To reproduce the results, execute the following commands:

# Inside minichain/data/v1.3 folder
chmod +x Reproduce.py
./Reproduce.py -t8

Here -t8 represents the thread count. The memory required is about 15 GB per thread. We recommend setting the maximum thread count based on your hardware.

Benchmarking methodolody

Step 1: Data preparation

  • Download 61 major histocompatibility complex (MHC) sequences from the Human Pangenome Reference Consortium (HPRC). These are available on Zenodo.
  • We use the MHC sequence from CHM13 T2T assembly as the reference during graph construction. We do not use the MHC sequence from GRCh38.
  • Using 60 haplotypes, we build a pangenome graph by augmenting structural variations (SVs) with Minigraph.
  • Subsequently, we align each haplotype back to the pangenome graph with Minigraph using -cx asm flag. We use these alignments to store haplotype paths in the GFA file.

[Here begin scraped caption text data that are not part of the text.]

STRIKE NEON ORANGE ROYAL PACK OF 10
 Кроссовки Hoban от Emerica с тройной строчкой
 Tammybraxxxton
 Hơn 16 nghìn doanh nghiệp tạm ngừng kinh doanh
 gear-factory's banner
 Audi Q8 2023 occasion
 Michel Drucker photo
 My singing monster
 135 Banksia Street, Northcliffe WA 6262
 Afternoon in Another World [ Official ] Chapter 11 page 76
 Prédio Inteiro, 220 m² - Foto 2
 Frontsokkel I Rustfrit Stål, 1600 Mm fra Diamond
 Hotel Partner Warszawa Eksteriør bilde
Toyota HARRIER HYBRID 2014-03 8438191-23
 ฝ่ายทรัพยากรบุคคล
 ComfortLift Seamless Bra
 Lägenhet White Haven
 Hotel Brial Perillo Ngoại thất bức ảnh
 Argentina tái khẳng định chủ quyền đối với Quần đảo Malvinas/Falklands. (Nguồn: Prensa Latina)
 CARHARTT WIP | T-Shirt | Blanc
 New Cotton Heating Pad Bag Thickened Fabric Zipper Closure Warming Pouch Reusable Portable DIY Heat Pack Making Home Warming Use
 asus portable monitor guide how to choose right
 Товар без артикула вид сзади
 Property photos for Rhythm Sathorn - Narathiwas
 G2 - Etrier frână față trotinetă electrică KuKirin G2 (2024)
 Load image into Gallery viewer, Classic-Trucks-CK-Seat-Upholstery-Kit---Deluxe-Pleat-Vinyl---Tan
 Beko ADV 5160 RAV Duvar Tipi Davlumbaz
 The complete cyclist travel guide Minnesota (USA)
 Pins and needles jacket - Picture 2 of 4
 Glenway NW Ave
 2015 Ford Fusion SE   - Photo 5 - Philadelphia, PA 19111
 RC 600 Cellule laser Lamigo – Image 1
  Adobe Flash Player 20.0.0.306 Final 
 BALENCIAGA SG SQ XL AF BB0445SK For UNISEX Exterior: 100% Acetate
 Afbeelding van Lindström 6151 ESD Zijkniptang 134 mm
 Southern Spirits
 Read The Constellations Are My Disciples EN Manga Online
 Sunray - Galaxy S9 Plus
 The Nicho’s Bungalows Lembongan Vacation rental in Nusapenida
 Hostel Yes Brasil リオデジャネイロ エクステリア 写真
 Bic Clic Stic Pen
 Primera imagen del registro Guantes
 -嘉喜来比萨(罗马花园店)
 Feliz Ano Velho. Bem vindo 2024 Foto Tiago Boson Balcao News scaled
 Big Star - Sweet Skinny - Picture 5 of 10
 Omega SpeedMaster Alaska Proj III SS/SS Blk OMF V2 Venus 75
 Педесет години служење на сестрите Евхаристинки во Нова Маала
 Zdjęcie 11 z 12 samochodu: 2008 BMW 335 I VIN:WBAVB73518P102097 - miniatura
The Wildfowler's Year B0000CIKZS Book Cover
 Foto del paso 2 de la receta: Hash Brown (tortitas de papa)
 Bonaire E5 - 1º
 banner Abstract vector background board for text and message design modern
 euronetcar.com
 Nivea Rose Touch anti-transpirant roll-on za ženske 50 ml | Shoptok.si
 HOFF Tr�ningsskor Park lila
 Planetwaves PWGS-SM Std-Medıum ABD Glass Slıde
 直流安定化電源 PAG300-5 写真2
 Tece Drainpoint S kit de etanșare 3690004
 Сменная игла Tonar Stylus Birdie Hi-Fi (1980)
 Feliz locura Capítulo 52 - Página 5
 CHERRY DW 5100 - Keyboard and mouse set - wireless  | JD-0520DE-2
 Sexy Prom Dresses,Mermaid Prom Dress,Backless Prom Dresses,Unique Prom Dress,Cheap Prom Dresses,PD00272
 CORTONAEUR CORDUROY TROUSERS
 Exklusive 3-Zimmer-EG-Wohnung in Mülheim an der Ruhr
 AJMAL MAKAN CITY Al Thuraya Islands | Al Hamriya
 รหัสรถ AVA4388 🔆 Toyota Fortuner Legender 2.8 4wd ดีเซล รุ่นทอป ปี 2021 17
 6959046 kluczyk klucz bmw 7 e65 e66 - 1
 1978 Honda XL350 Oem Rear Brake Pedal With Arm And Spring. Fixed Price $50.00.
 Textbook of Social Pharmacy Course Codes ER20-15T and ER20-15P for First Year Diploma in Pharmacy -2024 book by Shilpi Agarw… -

Step 2: Simulating haplotypes

  • We simulate 135 MHC haplotype sequences. Each sequence is a mosaic of the haplotype paths stored in the graph.
  • We add substitution errors with rates 0.1%, 1%, and 5% in the query sequences.

Step 3: Alignment and haplotype switches

  • The simulated MHC haplotypes are aligned to the MHC pangenome graph, and the chained haplotype paths are recorded with -b1 parameter.

Step 4: Evaluation metrics

  • Using the known ground truth (recombination events) and the chained haplotype paths, we measure Pearson correlation coefficient and F1-scores.

Step 5: Result visualization

  • The generated plots will be saved in a folder labeled "align_x," where 'x' represents the substitution rate.